Show-Me Where We’re Headed
Three recent developments say a great deal about Missouri’s economic future and the direction this state is headed.
First, Toyota is moving its corporate headquarters from Torrance, California, to Plano, Texas, a suburb of Dallas. The reasons cited include lower taxes, more favorable labor conditions, Texas as a “loser pay” state in tort law cases, plus a sweet package of state-sponsored financial incentives. No one here seemed either very surprised or especially disappointed by Toyota’s announcement, even though Missouri has enjoyed a strong and healthy history with the auto industry.
Missouri was not in the running because for decades other states have been doing a better job when it comes to economic development. Although it’s convenient to cite relatively high personal and corporate income taxes as well as Missouri’s refusal to climb aboard the open shop, right-to-work law bandwagon as reasons for sluggish economic growth here, there’s much more to the story than these simplistic “solutions.”
It began about 100 years ago when northeastern industrialists began moving their manufacturing plants into the Deep South, where land, labor and energy costs were somewhat lower. The fact that northern markets were typically less than a day away by rail was considered a trifling inconvenience. Industrialists and their financial partners in principal money centers from Chicago to Boston were more aware of the South and its advantages because it was proximate to places they visited or, in some cases, had second homes in ranging from Virginia to Florida.

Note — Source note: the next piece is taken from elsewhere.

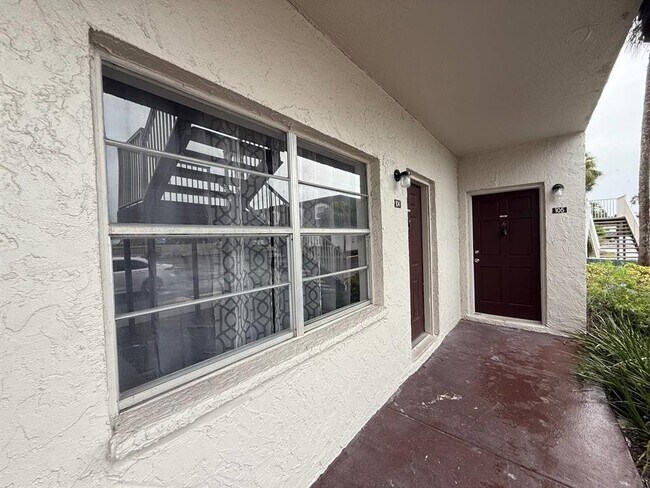 Foto del edificio - 9221 Tudor Dr
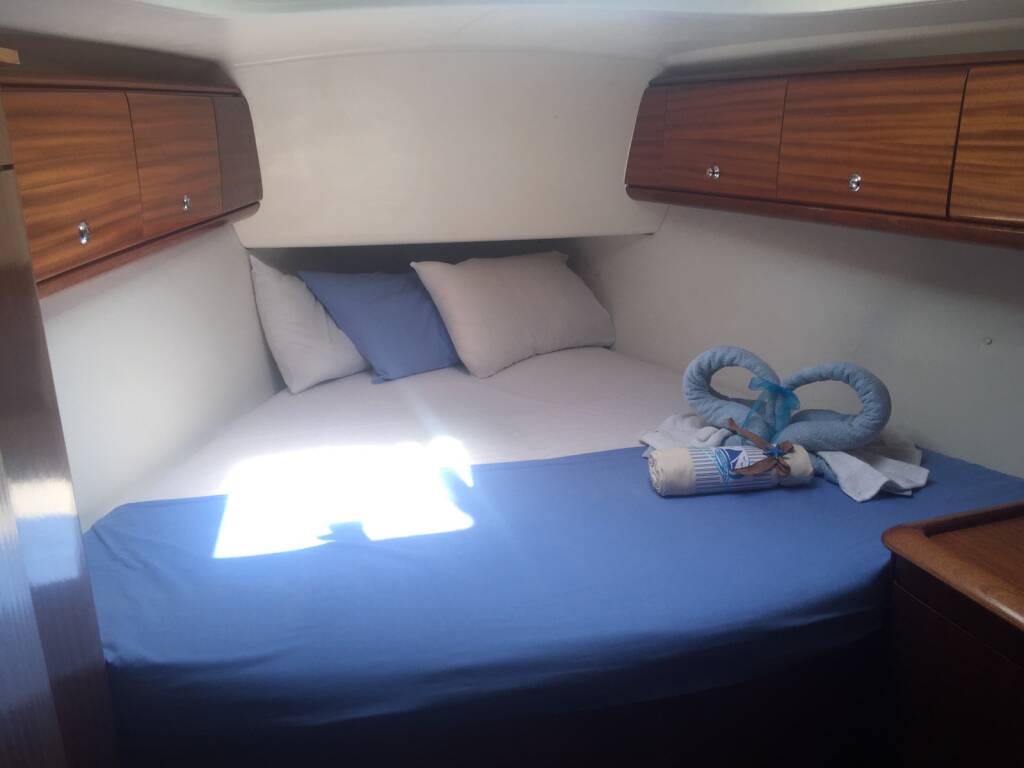 Bavaria 44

Missouri by comparison lost out — not really identified with anything in particular — an undefined place that was “out there” somewhere in the Great Plains where herds of buffalo still roamed. Missouri’s two principal metropolitan areas now rank in the second tier with significantly contracted airline service seeming to lag further and further behind Sunbelt boom towns that include Charlotte, Atlanta and the Dallas-Ft. Worth “Metroplex.” Reality check: The needle of economic growth would not move very much even if Missouri abolished all state and local taxes and took the draconian step to banish unions altogether. Most Missourians seem contented as it is. Here in the “Keystone of America” by location, life is good. Someday, the Show-Me State will be discovered.
While those who favor lowering state income taxes cheer, the recent override of the governor’s veto of a tax-relief measure passed by the Missouri Legislature could be a Pyrrhic one given flaws in the measure some typically conservative professional accounts have taken note of. Reduced income spurred by these cuts could end up seriously wounding public education, from local school districts to the University of Missouri. Purely speculative at this point: How will anticipated lower revenue from these cuts affect the state’s present and rather salutary bond rating by Moody’s and other rating agencies? A catch-22 could be in the offing as reduced revenue compels the state to raise taxes coming face to face with the Hancock Amendment and almost certain rejection of any levy increase on the ballot by Missouri’s historically parsimonious electorate.
Finally, some really great news for the Columbia metropolitan area: Oregon-based Northwest Medical Isotopes recently unveiled plans to build a $50 million, 50,000-square-foot facility in the burgeoning Discovery Ridge area. Working with the university’s Research Reactor and Mallinkrodt Chemical Co. of St. Louis, NMI will produce a medical isotope called Molybdenum-90, which promises major advances in medical research, diagnosis and treatment. It’s an interesting redux to the university’s original research park on Providence Road when construction on the reactor was underway exactly 50 years ago. Discovery Ridge is more spacious and accessible with its own highway interchange — ABC Labs and Tolton High School are already there — and the rumor mill buzzes with imminent announcements of considerable interest and import. With the NMI announcement, this area’s economic future, and well-being, will be even more closely tied to MU and public-private partnerships with MU’s School of Veterinary Medicine, Trulaske School of Business, College of Engineering, College of Agriculture and others as well.